Helping a Foster Child Heal from Trauma
Whether you’re a foster parent or an adoptive parent, you may encounter a child who’s gone through trauma. Trauma results from any situation where the well-being of a child or someone they loved was threatened. Many foster children have experienced either neglect or abuse or witnessed domestic violence. When traumatized children come into your home, you’ll need to develop your home into a place for them to grow and heal.
Create a safe place.
A foster child may be surrounded by a whirlwind of chaos, relational instability, and domestic uncertainty. You may be the only place of calm in the middle of their storm. While you may not know how long he or she will be in your care, you can make the most of the time you do have him or her there.

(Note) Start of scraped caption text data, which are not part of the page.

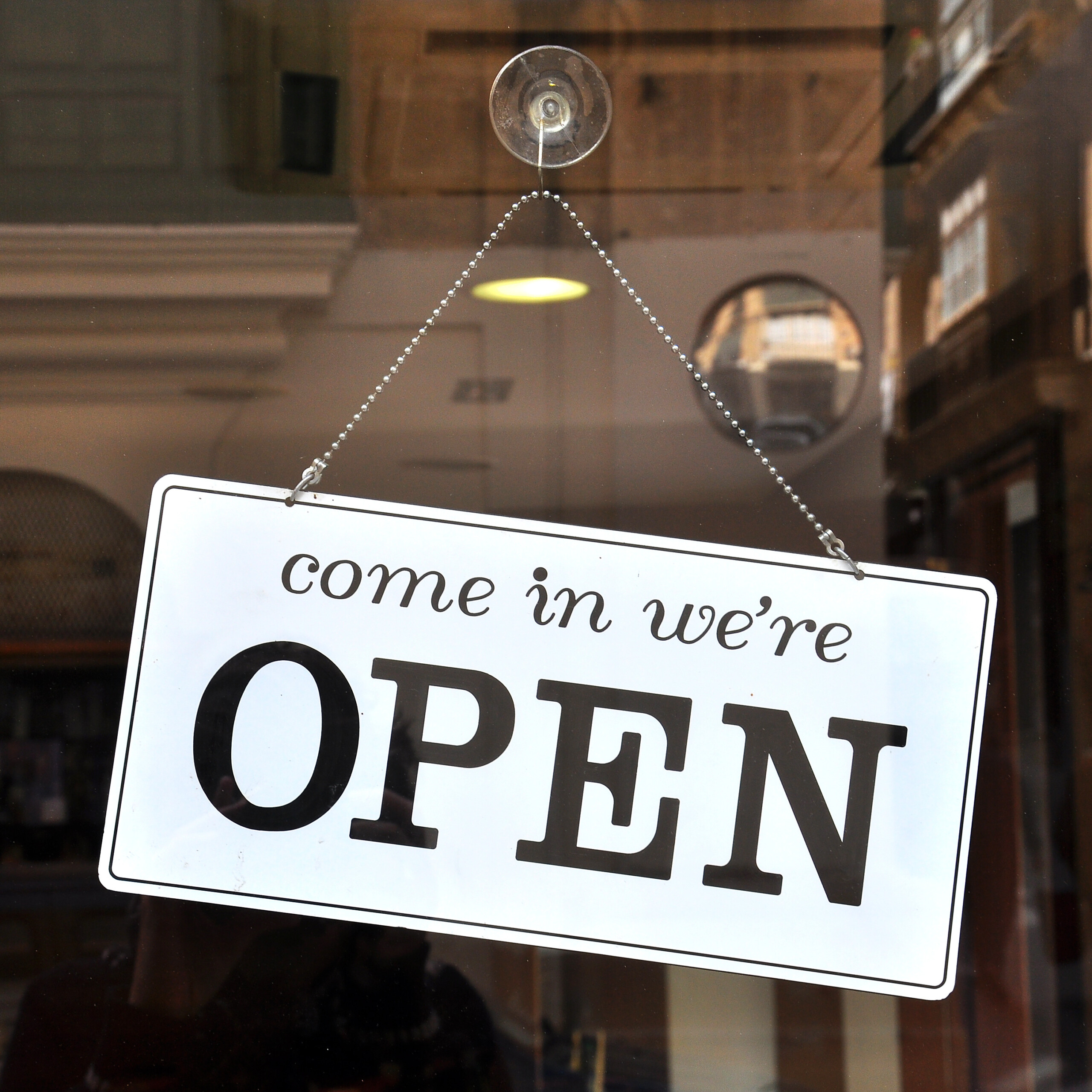 Open sign in the store Invest North – Launch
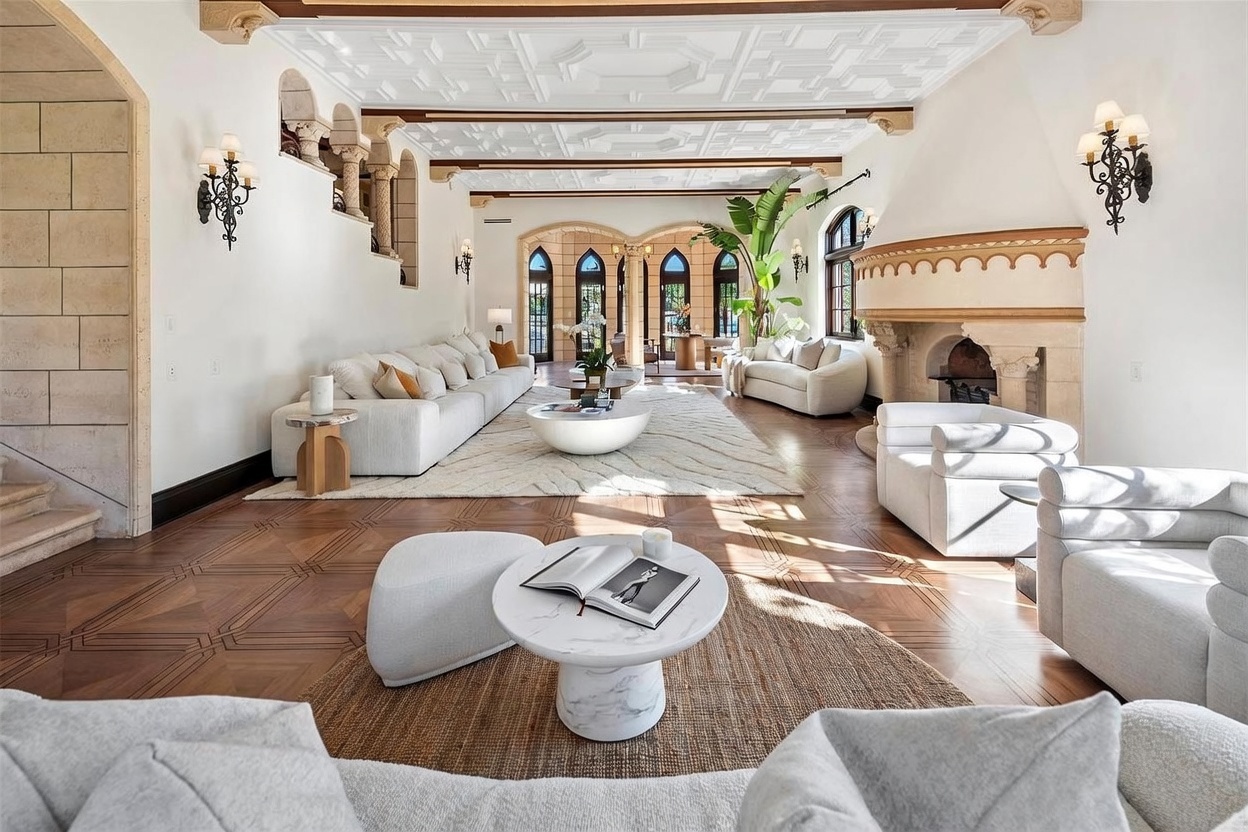 This expansive living room features a sophisticated, neutral palette with intricate coffered ceilings and rich, patterned wood flooring. The space is anchored by a large, curved stone fireplace and multiple seating areas, including plush white sofas and a central marble-topped coffee table. Tall, arched doorways lead to an adjacent sunlit area, creating an open and airy atmosphere with a grand, Mediterranean-inspired aesthetic.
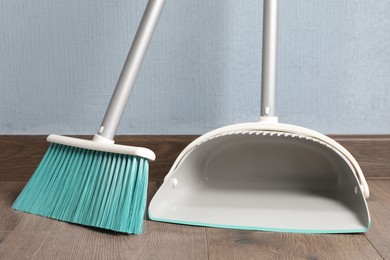 Photo of Plastic broom with dustpan near light blue wall indoors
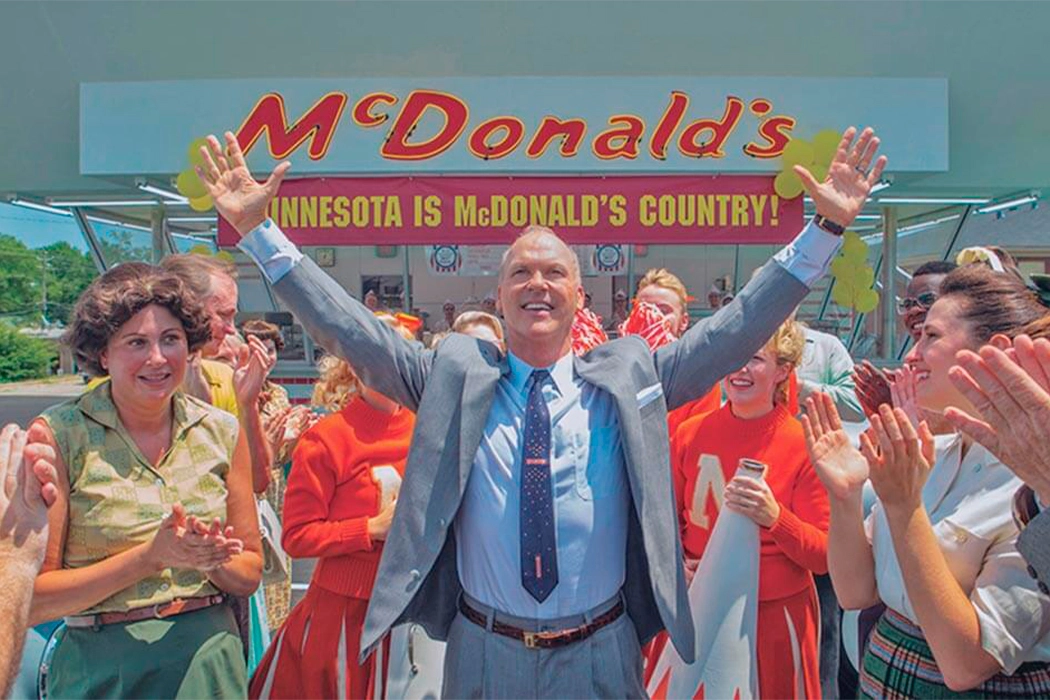 Michael Keaton no filme fome de poder. Ator está de terno e gravata, com pessoas felizes ao fundo da empresa Mc Donalds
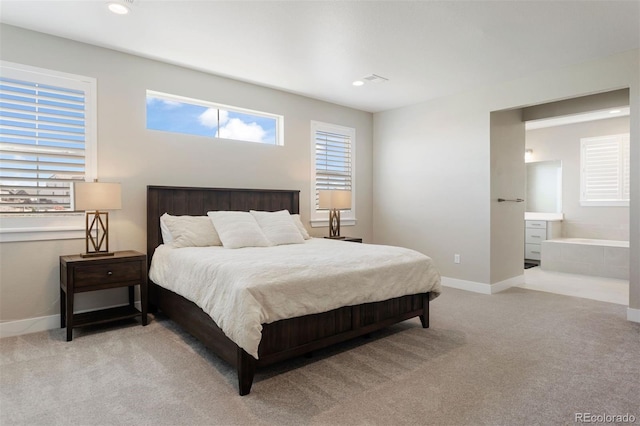 carpeted bedroom featuring connected bathroom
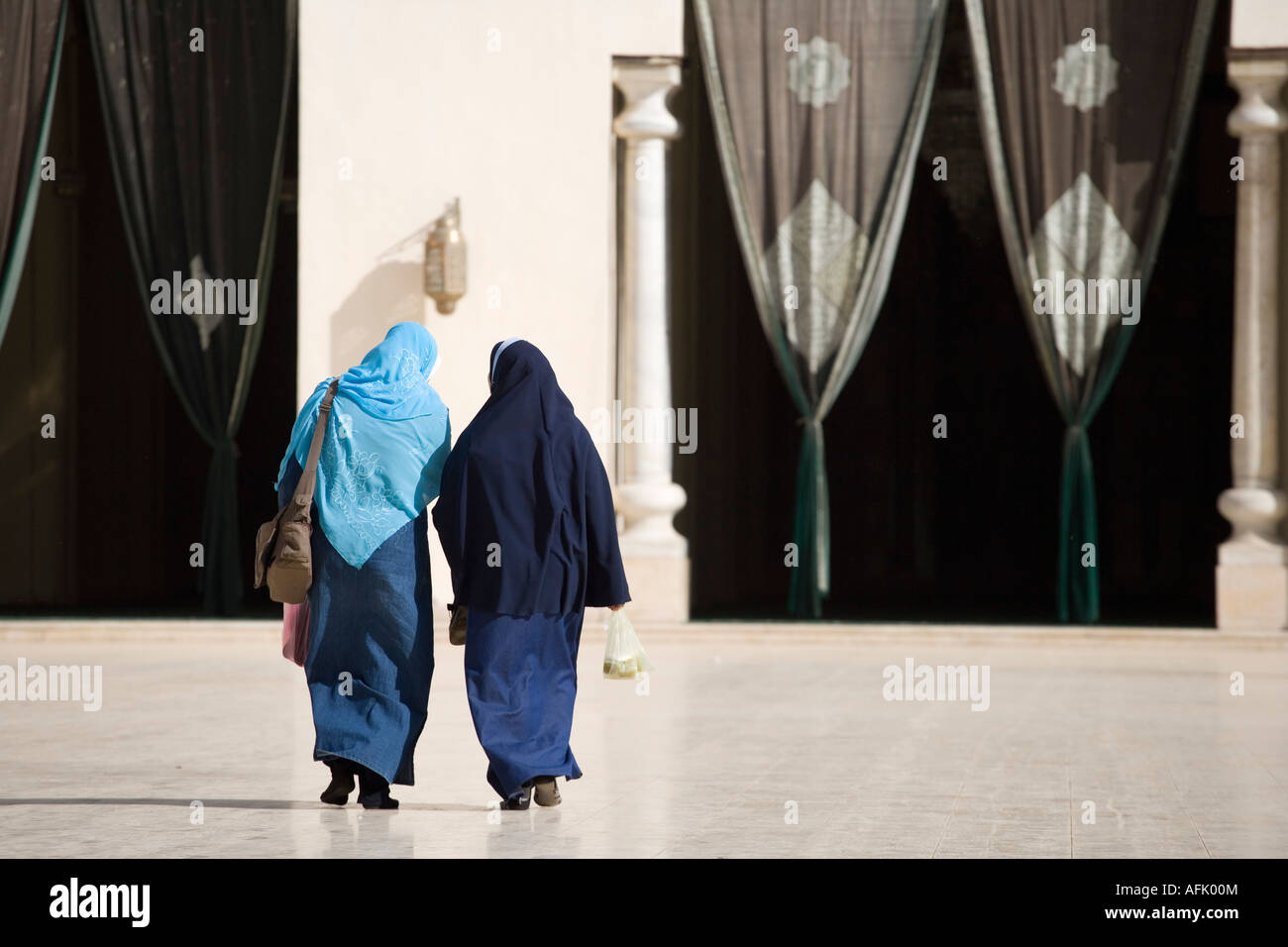 Two muslim women enter the AlHakim Mosque in Islamic Cairo. The mosque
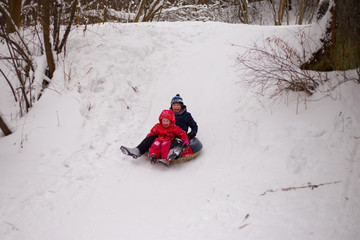 children riding a snow hill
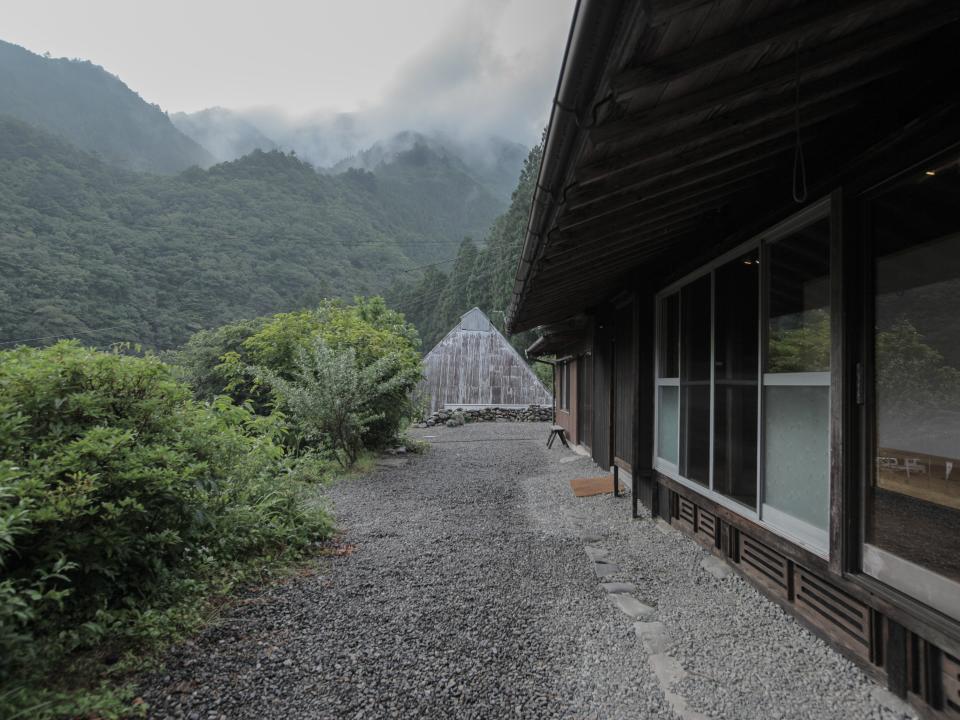 the exterior of a farmhouse in the mountains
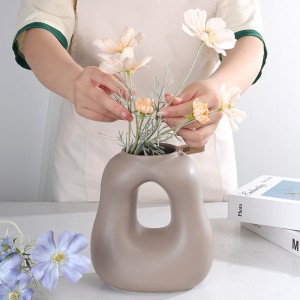 Fabrikant Hoogwaardige moderne decoratieve keramische ronde buis vloeibare creatieve vaas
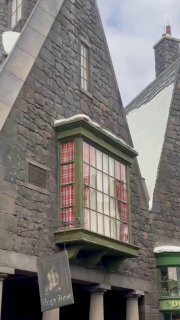 Фрагмент фасада домов Хогсмид с украшенными крышами и окнами, архитектура парка стилизована под сказочную деревню Гарри Поттера.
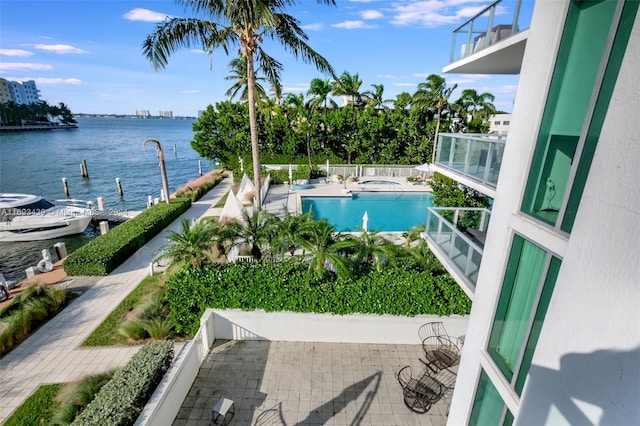 view of swimming pool featuring a water view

Seek to understand the child. Some children need to talk about their experiences. Others don’t want to. But you can let them know that it’s okay for them to talk about what’s happened in their lives and to talk about their feelings. A child may not know why they’re angry or sad, but you can encourage him or her to talk about it. Teach the child healthy ways of processing emotions.
As a foster care provider, you are the lifeboat. However, a child may not see or acknowledge that. Many times, children have learned not to trust adults. You’ll need to build trust with the child. This may take time and a lot of patience.
Build healthy relationships.
A foster child may have developed some antisocial or uncomfortable behaviors due to their traumatic experiences; however, don’t let that deter you from introducing healthy relationships with family and friends into their lives. You never know when a grandparent, a cousin, or a close friend has the capability to reach a part of their life that you’ve been unable to reach.
A foster child may need to be taught how to consider other people’s feelings and how to process their interactions with other people. Show a child what healthy relationships look like and talk to them about how to develop those for themselves.
Don’t be afraid to seek the help of professionals or support groups. These people are trained to coach troubled children and teens through their life events and emotions. And as the caregiver, you’ll probably need some support too.
Teach healthy behaviors.
A foster child may need to be taught practical skills like proper personal care, diet, and responsibility, or awareness of the destructive effects of things like drugs, alcohol, smoking, and promiscuity.
Praise good choices and behaviors. Require children to take responsibility for bad choices or behaviors. Set firm boundaries and stay consistent with your requirements. Many times, a foster child will test boundaries, but longs for them at the same time.
When traumatized children come into your home, they need a healing environment. How you create that environment depends on the child, because every child is different. Fortunately, it is possible for children to heal. As Josh Shipp, a former foster child, says, “Every kid is one caring adult away from being a success story.”